What needs to be done: Return the material unaltered, line by line.

BEGIN Entries supplied

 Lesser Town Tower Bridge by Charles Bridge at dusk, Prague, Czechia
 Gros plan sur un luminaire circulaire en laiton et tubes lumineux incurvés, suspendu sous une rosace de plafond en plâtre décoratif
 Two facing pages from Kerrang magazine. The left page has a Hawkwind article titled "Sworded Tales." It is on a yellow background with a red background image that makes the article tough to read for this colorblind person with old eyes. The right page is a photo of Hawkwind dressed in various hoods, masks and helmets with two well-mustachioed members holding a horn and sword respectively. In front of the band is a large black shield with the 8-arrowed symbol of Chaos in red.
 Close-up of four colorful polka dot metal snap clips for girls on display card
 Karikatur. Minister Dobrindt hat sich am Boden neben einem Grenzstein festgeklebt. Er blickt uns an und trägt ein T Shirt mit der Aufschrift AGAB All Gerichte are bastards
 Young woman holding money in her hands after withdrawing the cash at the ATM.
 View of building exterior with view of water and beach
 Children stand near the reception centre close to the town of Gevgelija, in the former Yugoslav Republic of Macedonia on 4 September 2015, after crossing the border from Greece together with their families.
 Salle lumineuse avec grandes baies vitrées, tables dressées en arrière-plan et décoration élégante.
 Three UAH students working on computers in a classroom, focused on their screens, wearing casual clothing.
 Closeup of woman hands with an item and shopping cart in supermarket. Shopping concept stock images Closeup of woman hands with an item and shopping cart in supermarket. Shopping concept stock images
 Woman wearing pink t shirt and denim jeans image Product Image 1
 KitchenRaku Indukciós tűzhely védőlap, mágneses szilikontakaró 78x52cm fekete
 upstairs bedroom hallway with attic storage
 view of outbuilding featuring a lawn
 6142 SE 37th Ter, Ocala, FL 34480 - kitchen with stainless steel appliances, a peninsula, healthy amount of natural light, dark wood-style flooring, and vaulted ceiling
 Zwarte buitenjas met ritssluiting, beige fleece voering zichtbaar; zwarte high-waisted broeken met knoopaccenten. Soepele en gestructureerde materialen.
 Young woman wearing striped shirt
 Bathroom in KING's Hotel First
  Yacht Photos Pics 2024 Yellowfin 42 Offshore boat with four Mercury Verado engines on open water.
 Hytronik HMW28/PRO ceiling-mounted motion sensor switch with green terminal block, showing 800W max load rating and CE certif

END Entries supplied

Written response:
 Lesser Town Tower Bridge by Charles Bridge at dusk, Prague, Czechia
 Gros plan sur un luminaire circulaire en laiton et tubes lumineux incurvés, suspendu sous une rosace de plafond en plâtre décoratif
 Two facing pages from Kerrang magazine. The left page has a Hawkwind article titled "Sworded Tales." It is on a yellow background with a red background image that makes the article tough to read for this colorblind person with old eyes. The right page is a photo of Hawkwind dressed in various hoods, masks and helmets with two well-mustachioed members holding a horn and sword respectively. In front of the band is a large black shield with the 8-arrowed symbol of Chaos in red.
 Close-up of four colorful polka dot metal snap clips for girls on display card
 Karikatur. Minister Dobrindt hat sich am Boden neben einem Grenzstein festgeklebt. Er blickt uns an und trägt ein T Shirt mit der Aufschrift AGAB All Gerichte are bastards
 Young woman holding money in her hands after withdrawing the cash at the ATM.
 View of building exterior with view of water and beach
 Children stand near the reception centre close to the town of Gevgelija, in the former Yugoslav Republic of Macedonia on 4 September 2015, after crossing the border from Greece together with their families.
 Salle lumineuse avec grandes baies vitrées, tables dressées en arrière-plan et décoration élégante.
 Three UAH students working on computers in a classroom, focused on their screens, wearing casual clothing.
 Closeup of woman hands with an item and shopping cart in supermarket. Shopping concept stock images Closeup of woman hands with an item and shopping cart in supermarket. Shopping concept stock images
 Woman wearing pink t shirt and denim jeans image Product Image 1
 KitchenRaku Indukciós tűzhely védőlap, mágneses szilikontakaró 78x52cm fekete
 upstairs bedroom hallway with attic storage
 view of outbuilding featuring a lawn
 6142 SE 37th Ter, Ocala, FL 34480 - kitchen with stainless steel appliances, a peninsula, healthy amount of natural light, dark wood-style flooring, and vaulted ceiling
 Zwarte buitenjas met ritssluiting, beige fleece voering zichtbaar; zwarte high-waisted broeken met knoopaccenten. Soepele en gestructureerde materialen.
 Young woman wearing striped shirt
 Bathroom in KING's Hotel First
  Yacht Photos Pics 2024 Yellowfin 42 Offshore boat with four Mercury Verado engines on open water.
 Hytronik HMW28/PRO ceiling-mounted motion sensor switch with green terminal block, showing 800W max load rating and CE certif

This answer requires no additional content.